§ **DESCRIPTION OF THE TASK**:
Repeat each line of the data below exactly, but skip the pictures.

§ **AVAILABLE DATA**:
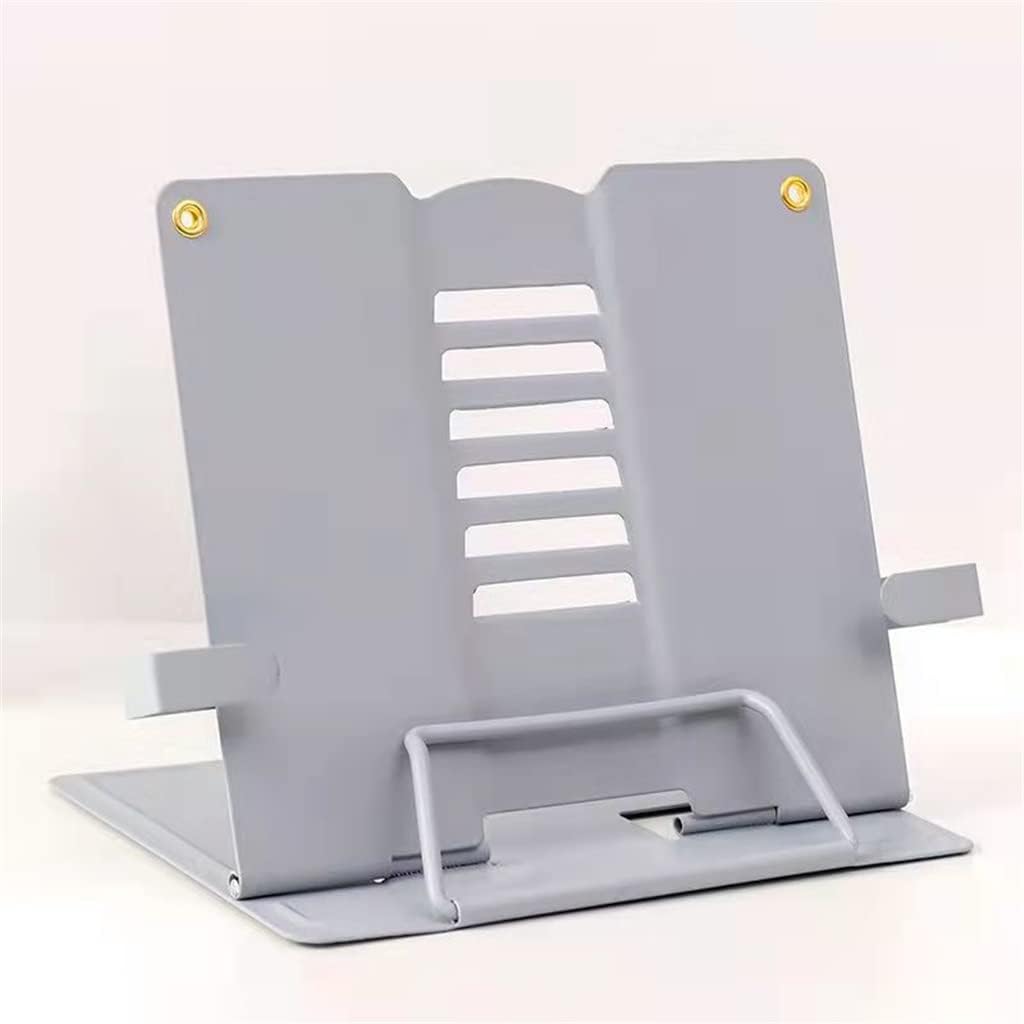 Desk Book Stand,Metal Reading Rest, Adjustable Cookbook Documents Holder Portable Bookstands for Books(OneColor)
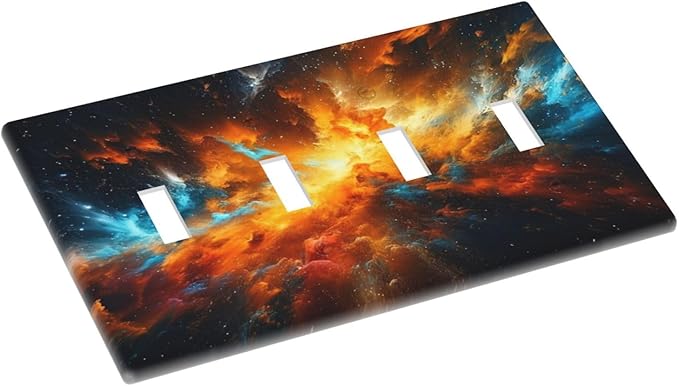 Light Switch Cover Cosmic Outer Space Nebula Explosion 4 Gang Switch Plate Covers Quad Toggle Wall Plates Decorative Switchplate Electrical Faceplate for Bathroom Home Decor
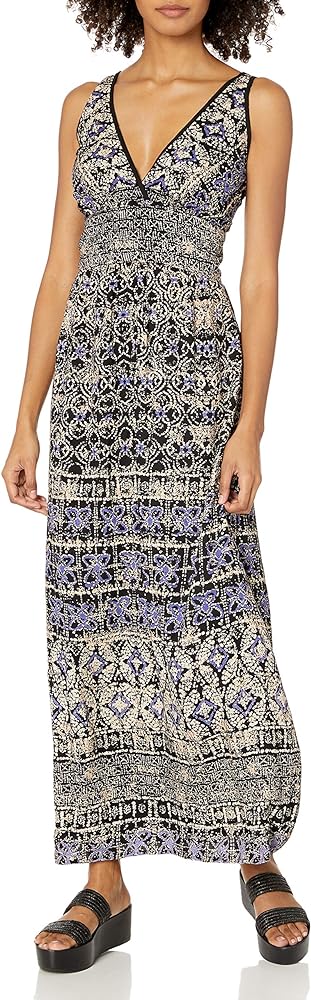 Angie Women's Blue Printed Maxi Dress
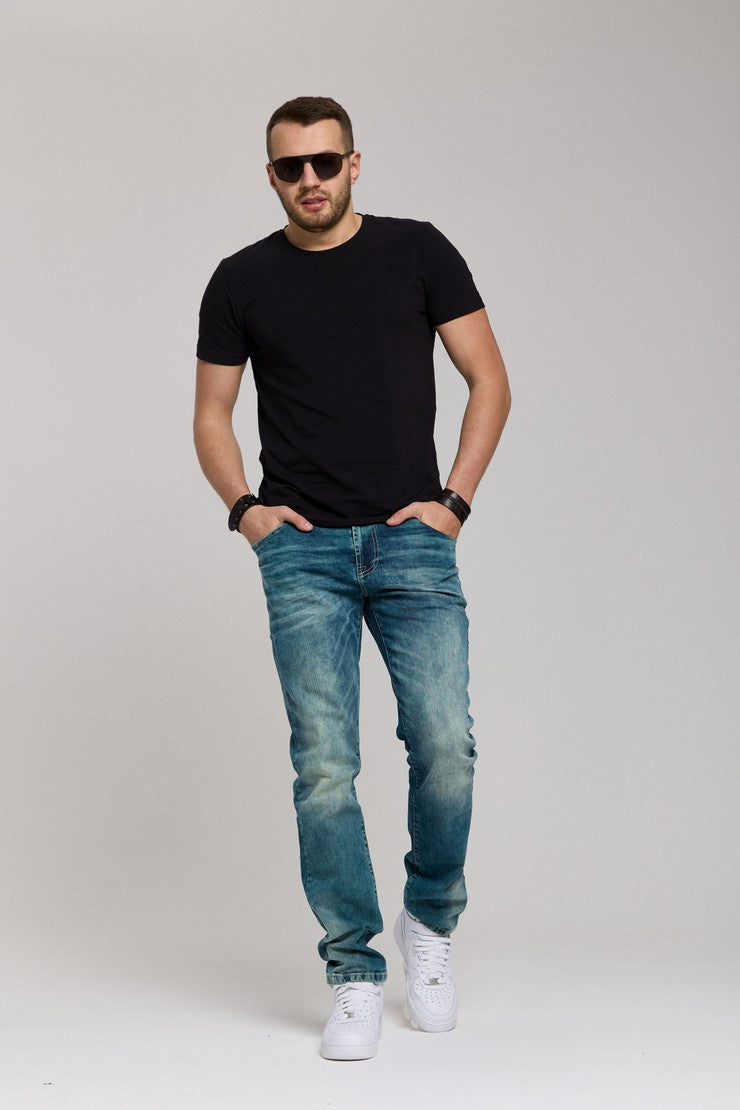 CD860 Men's Jeans – Straight Fit in Teal and Brown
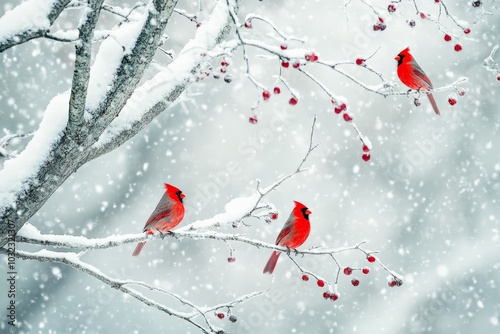 Pair of red cardinals perched on snowy branches in winter

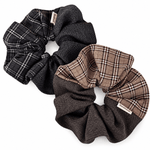 Load image into Gallery viewer, Womens Brown Plaid Patchwork Scrunchie N6K017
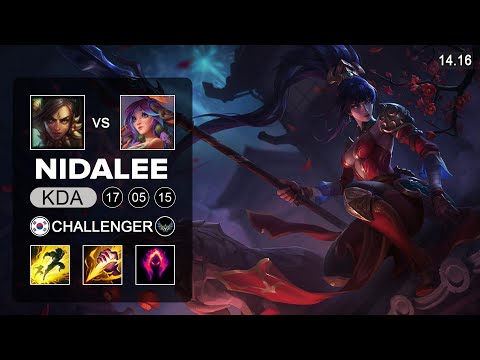 Nidalee vs Lillia Jungle - KR Challenger - Patch 14.16 Season 14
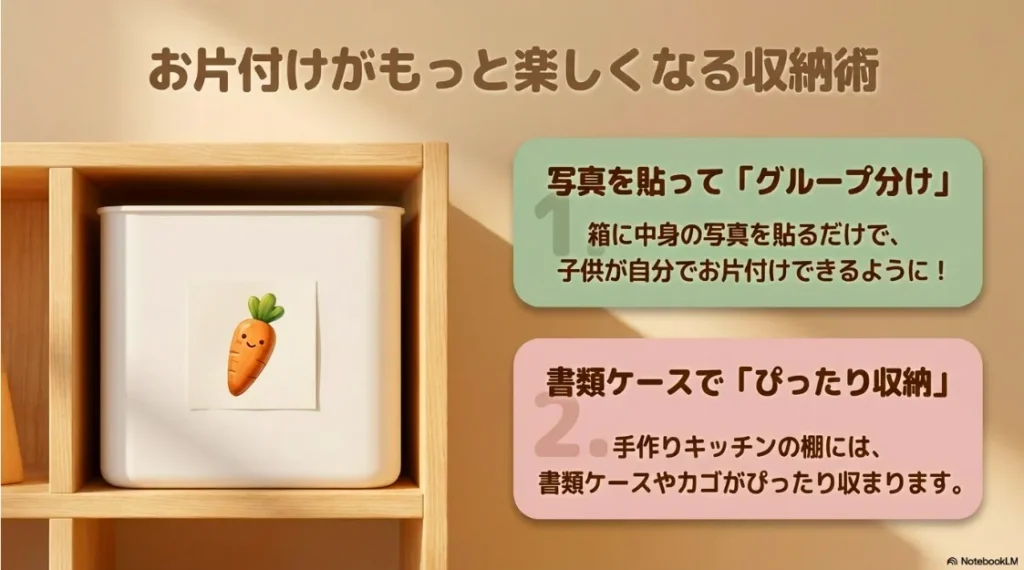 写真を使ったグループ分けや、書類ケースを活用した「ぴったり収納」のアイデア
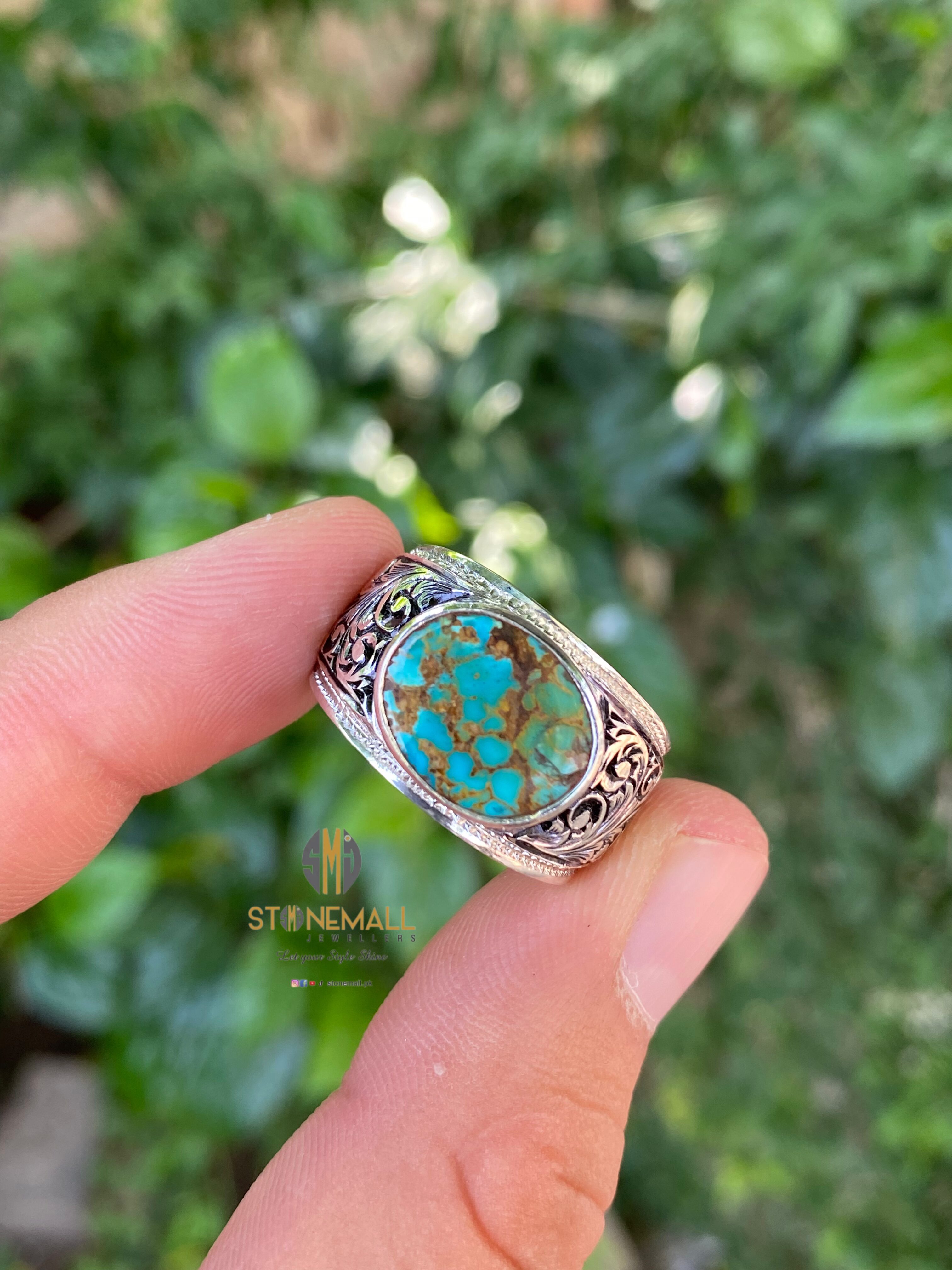 Natural Turquoise (Feroza) 925 Sterling Silver Hand Engraved Ring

§ **FINISHED TASK**:
 Desk Book Stand,Metal Reading Rest, Adjustable Cookbook Documents Holder Portable Bookstands for Books(OneColor)
 Light Switch Cover Cosmic Outer Space Nebula Explosion 4 Gang Switch Plate Covers Quad Toggle Wall Plates Decorative Switchplate Electrical Faceplate for Bathroom Home Decor
 Angie Women's Blue Printed Maxi Dress
 CD860 Men's Jeans – Straight Fit in Teal and Brown
 Pair of red cardinals perched on snowy branches in winter

 Load image into Gallery viewer, Womens Brown Plaid Patchwork Scrunchie N6K017
 Nidalee vs Lillia Jungle - KR Challenger - Patch 14.16 Season 14
 写真を使ったグループ分けや、書類ケースを活用した「ぴったり収納」のアイデア
 Natural Turquoise (Feroza) 925 Sterling Silver Hand Engraved Ring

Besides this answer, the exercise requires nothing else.